28 October 2018

The ever-shrinking scope of a deed (in Ontario)

I was checking on required paperwork for executing  power of attorney recently, and was fascinated by the variety of forms in effect in Canadian jurisdictions. While Quebec's form is based on the civil law and its concept of a mandate, the default form in the common-law provinces (other than Ontario and BC) calls for execution in the form of a deed. The latter two provinces don't require that to be done. That begs the question as to when the rules diverged, and what else happened along the way. This has proved to be a messy bit of legal history here in Ontario.

What a deed could cover (Blackstone, 1765)


The default position in this Province is that we adopted the English law as it existed at 15 October 1792, as noted in the Property and Civil Rights Act. This means that we need to see what the legal commentaries were saying about what the jurisprudence stated at the time. Halsbury's Laws of England, while an excellent source, only goes back to the early 1900s, but Blackstone's Commentaries on the Laws of England goes back much further, and I think the 1765 version is probably the closest to the starting point we need.

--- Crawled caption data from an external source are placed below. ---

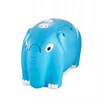 Небулайзер HI-TECH MEDICAL ORO-NEB BABY BLUE Photo 2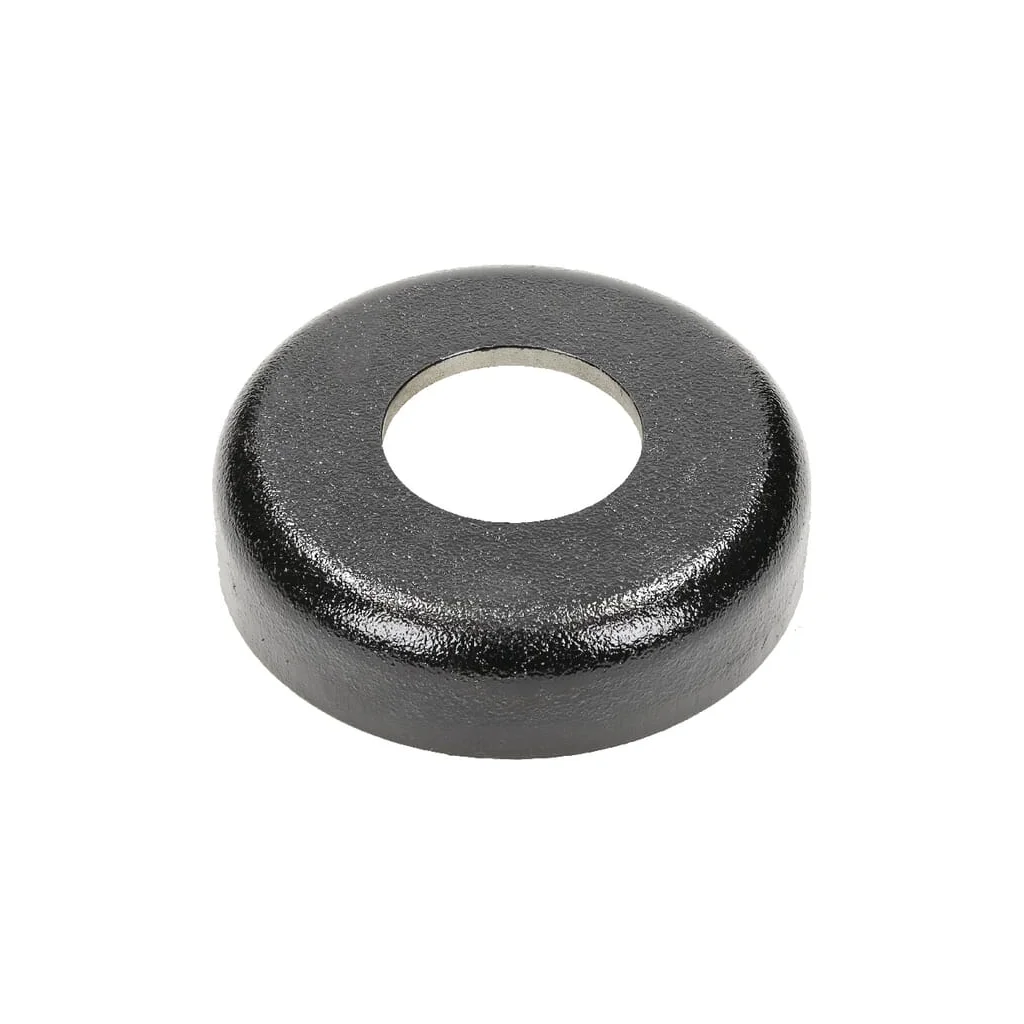 [AMAT2-77538] Cupă rulment 1710OJM02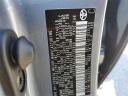 Thumbnail image of 2020 Toyota Corolla at Toyota Scion of Tampa Bay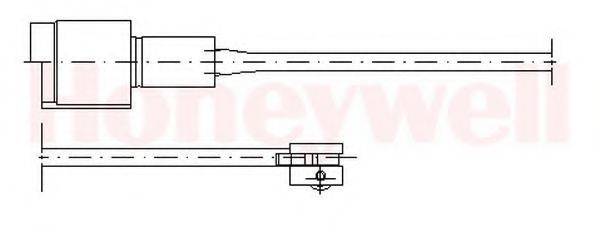 BENDIX 581354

We can immediately draw upon the following observations:


  • "a deed is a writing sealed and delivered by the parties"
  • "it is the most solemn and authentic act that a man can possibly perform ... and therefore a man shall always be estopped by his own deed, or not permitted to aver or prove anything in contradiction to what he has once so solemnly and deliberately avowed"

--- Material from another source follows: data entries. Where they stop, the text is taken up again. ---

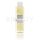 Millefiori Milano Zona Soft Leather Refill 250 ml
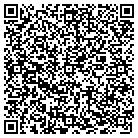 QR code with Golden Crown Chinese Rstrnt contacts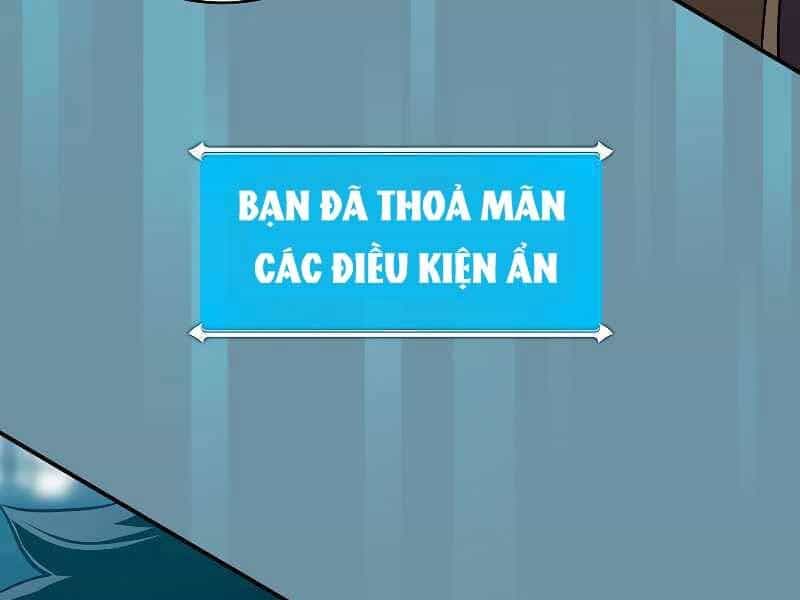 Streamer Pháp Sư - Chương 35 - ảnh 143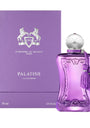 Palatine Eau de Parfum (75ml)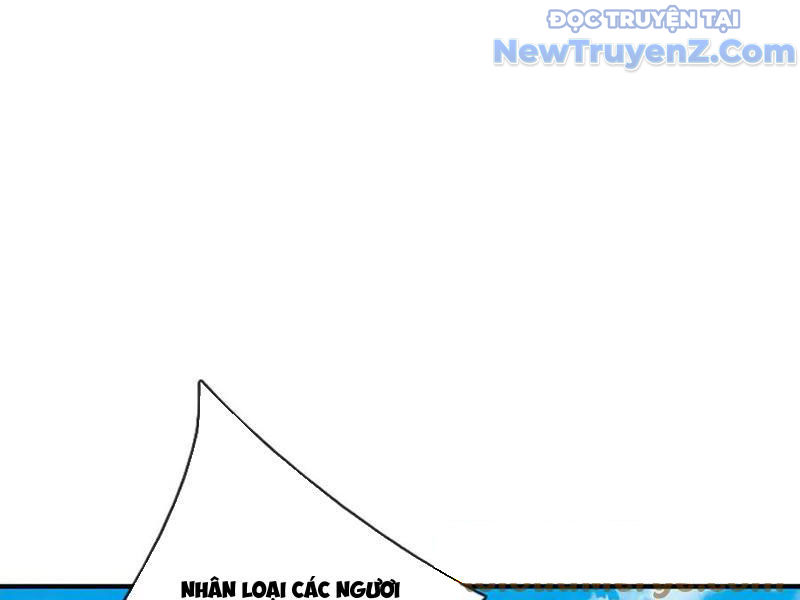 Ta Có Thể Thôn Phệ Vô Hạn Chap 91 - Next Chap 92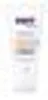 Seni care Hautschutzcreme mit Zinkoxid parfümfrei 200 ml Produktbild-Vorschau 4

And the requisites of a deed?

  1. Persons able to contract and be contracted with, together with a thing or subject matter to be contracted for, all of which must be sufficiently identified.
  2. Be founded on good and sufficient consideration, which may be good (ie, founded on generosity, prudence or natural duty) or valuable (such as money, marriage, or the like, and therefore founded in motives of justice). Those founded on good consideration are considered voluntary, and are more likely to be set aside in favour of creditors and bona fide purchasers.
  3. It must be written on paper or parchment.
  4. There must be words sufficient to specify the agreement and bind the parties.
  5. It must be read by (or out to) any party that desires it, in order not to be declared void.
  6. Each party must seal it, and preferably sign it as well.
  7. It must be attested by witnesses, in order to preserve the evidence. They did not need to sign themselves, but their presence at the reading had to be recorded.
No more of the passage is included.